Saturday, April 11, 2015

Steadiness Requires Readiness: Yoga and Preparation

"Study to show yourself approved," is a biblical quote I'll always remember my father saying throughout my childhood before tests or performances. When I looked it up I learned it comes from the book of 2 Timothy in the New Testament. Verse 15 of the King James version reads, "Study to show thyself approved unto God, a workman that needeth not be ashamed, rightly dividing the word of truth." At the time the King James version was written, "study" carried the meaning of striving or working diligently. I can understand why my parents used that verse to encourage me and it helped me set a pattern of preparing well for exams.

These days, as a yoga practitioner and teacher, I sometimes think of that verse in relation to yoga. The "study" aspect, taken literally, makes me think about the self-study and scriptural study aspects of yoga, from the yoga concept of Ishvara pranidhana. More recently, though, I've been thinking about how it relates to the concept of purvanga, translated as preparation.

Purvanga (preparation) is meant to apply to all aspects of our practice and life. Generally, the more prepared we are for anything we do, the smoother it all goes down. In the meditation courses I took in the past, meditatators were instructed to prepare their own space for regular meditation to maximize comfort and minimize distraction. I apply this instruction for both my postural and meditation practices. I remember one of my yoga teachers describing how the simple act of making one's bed in the morning can set the right tone for the day, making everything run more efficiently. I also find this to be true and dislike doing my practice at home with an unmade bed or an untidy space. I also dislike jumping right into any sort of physical practice without an adequate period of warming up my body--the preparation for what's to come.

I had a very literal reminder of the importance of preparation during my home practice this week. I was in my tidied practice space, going through my postures and beginning to work on bakasana, crow posture. This next part may seem made up, but it's not: my phone rang and my neighbor informed me that my garbage cans sitting on the curb were being attacked by crows! I had to pause my practice and go outside to clean up and put lids on the garbage cans. My wonderful spouse had taken the garbage out without lids. Immediately I thought about preparation: were we prepared to have our garbage collected having left off the lids? Wasn't that a part of the necessary preparation? In addition, I had accidentally left a kitchen drawer partially opened and while I was practicing, my dog had pulled out a container of sandwich bags and strewn them all over the living room floor during my sun salutations. These two oversights, the missing garbage lids and the opened drawer, created distraction and interruption, as the outside as well as the inside of our home have a direct effect on my home practice.

As above, so below, as within, so without, as the universe, so the soul! - Hermes Trismegistus. There's another concept related to being prepared, and reminding me of another Bible verse attributed to Jesus about preparing the inside as well as the outside of the cup. If we are truly studious and diligent, everything is important. Nothing can be neglected on the outside or the inside for a truly successful physical, mental or spiritual practice of any kind.

So how does this wisdom help us with our day to day practice, besides reminding us to put the lids on our garbage cans and secure our drawers and pets?
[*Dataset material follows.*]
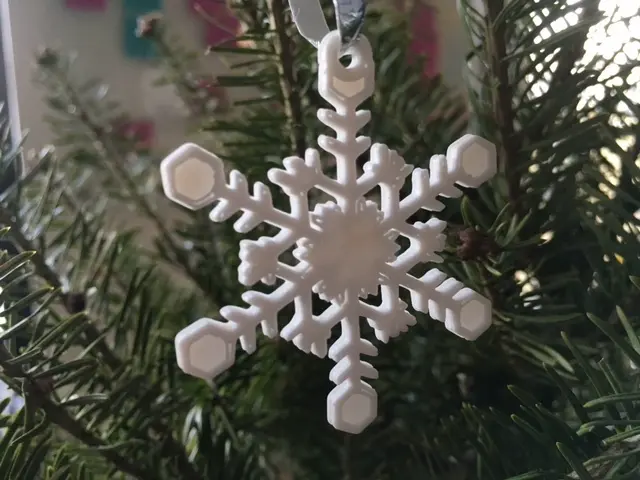 La máquina de copos de nieve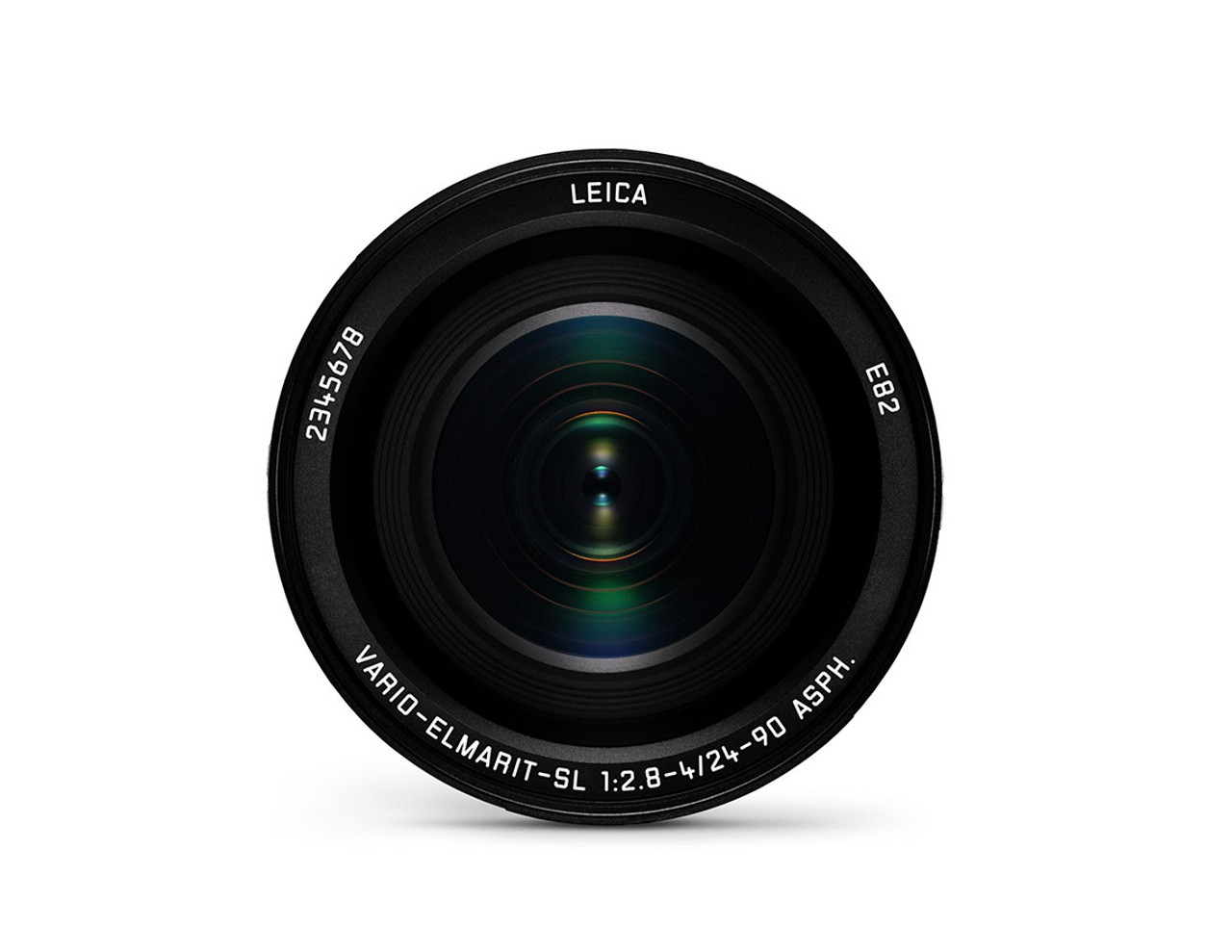 Leica Vario Elmarit Sl 24 90mm F 2 8 4 Asph Black Lens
I think it's a good way to think about streamlining our lives and remembering what's essential. It's a good reminder to come back to our simplest and best intentions and remove anything and everything cluttering our space, our minds and our lives. For example, I have a goal of some sort of healthy physical exercise each day, and I am more likely to remain true to that goal if I don't put lots of extra pressure around it, such as the number of miles I must walk or run, the number of fancy yoga postures I must execute or any number of extra obligations I pile on top of that simple goal. Another example is the goal my husband and I share to spend time connecting with one another and our kids: we are more likely to achieve that goal when we keep it streamlined and simple, not signing up for more and more "family" events packaged as quality time, like saying yes to each and every birthday party, fundraiser and extracurricular activity and spreading ourselves too thin. Sometimes we need to stay home and cook and play a game instead of piling into the car and heading out to another gathering.

As a rule, I believe that good preparation in yoga practice and life translates as "less is more." As I am discovering this, I'm including fewer yoga postures in the classes I teach so they don't feel so "busy," and fewer physical obligations in my home practice so that I don't intimidate myself into showing up on my own mat: "Do what you feel like doing today and include time for rest," has been good self-talk for me lately. I'm feeling freer and more focused as a result. I'm also feeling stronger. Streamlining your life and slowing down the tendency to over-effort (common in our culture) does not mean slacking--in fact, it takes more concentration and intentionality to live this way.

When we intentionally prepare and streamline our yoga practice, we train ourselves to focus on what's important in our lives and begin to experience more peace and ease. Don't take my word for it: try it yourself. Review your personal goals this week and make a list of what you can eliminate from your practice and daily life that may not be serving those goals. Take extra time to prepare yourself, tidying up what's already in your life and being more intentional about each thing you add to your space, your body and your consciousness. Pay attention to yourself on the inside and the outside and you'll feel better when life's real tests come, as they always do.